Plain radiographs showed that 90% (61 of 68) of hockey goalies had an elevated alpha angle signifying a femoral cam-type deformity.15 Goalies had a significantly lower mean lateral center-edge angle (27.3° vs 29.6°; P = .03) and 13.2% of them were found to have acetabular dysplasia (lateral center-edge angle<20°) compared to only 3% of positional players. The CT scan measurements demonstrated that hockey goalies have a unique cam-type deformity that is located more lateral (1:00 o’clock vs 1:45 o’clock; P < .0001) along the proximal femur, an elevated maximum alpha angle (80.9° vs 68.6°; P < .0001) and loss of offset, when compared to positional players.
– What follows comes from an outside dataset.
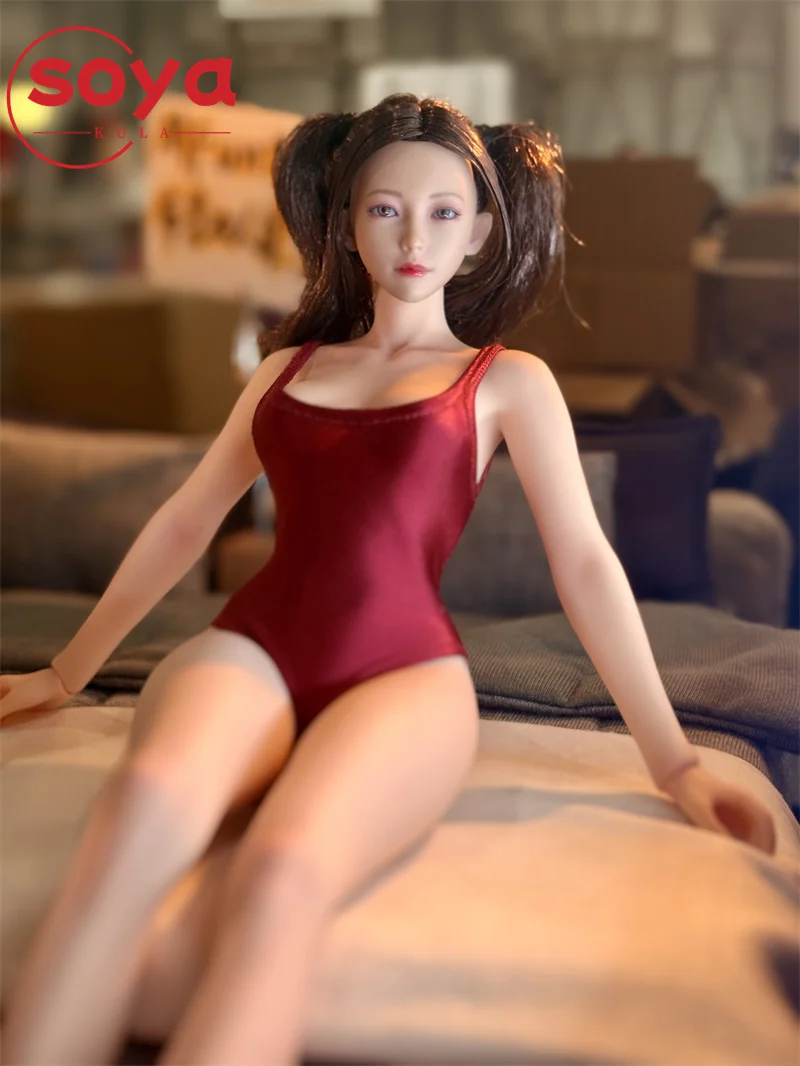 MFuntoys 1/6 مقياس متعدد الألوان مرونة عالية اللؤلؤ قطعة واحدة ملابس السباحة نموذج صالح 12 ''أنثى الجندي عمل الشكل الجسم #3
These findings provide an anatomical basis in support of reports that goaltenders are more likely to experience intra-articular hip injuries compared to other positional players.13
Regardless of position, symptomatic FAI in a hockey player is generally a problem that slowly builds and is made worse with activity.17 On examination, the player may have limited hip flexion and internal rotation, as well as weakness compared to the contralateral side when testing hip flexion and abduction.18,19 Plain radiographs plus MRI or CT allow for proper characterization and diagnosis (to include underlying chondrolabral pathology).20,21
In the young athlete, initial management includes physical therapy, which focuses on core strengthening. Emphasis is placed on hip flexion and extension, as well as abduction and external rotation with the goal of reducing symptoms and avoiding injuries.22 A similar approach may be applied to the elite athlete, but failure of nonoperative management may necessitate surgical intervention. Hip arthroscopy continues to grow in popularity over open surgical dislocation with low complication rate and high return-to-play rate.23-25
For the in-season athlete, attempts to continue to play can be assisted with the role of an intra-articular corticosteroid injection, which can help calm inflammation within the hip joint and mitigate pain, while rehabilitation focuses on core stabilization, postural retraining and focusing on any muscle imbalances that might be present. For positional players, ice time and shift duration can be adjusted to give the player’s hip a period of rest; meanwhile, for goaltenders, shot volumes in practice can be decreased.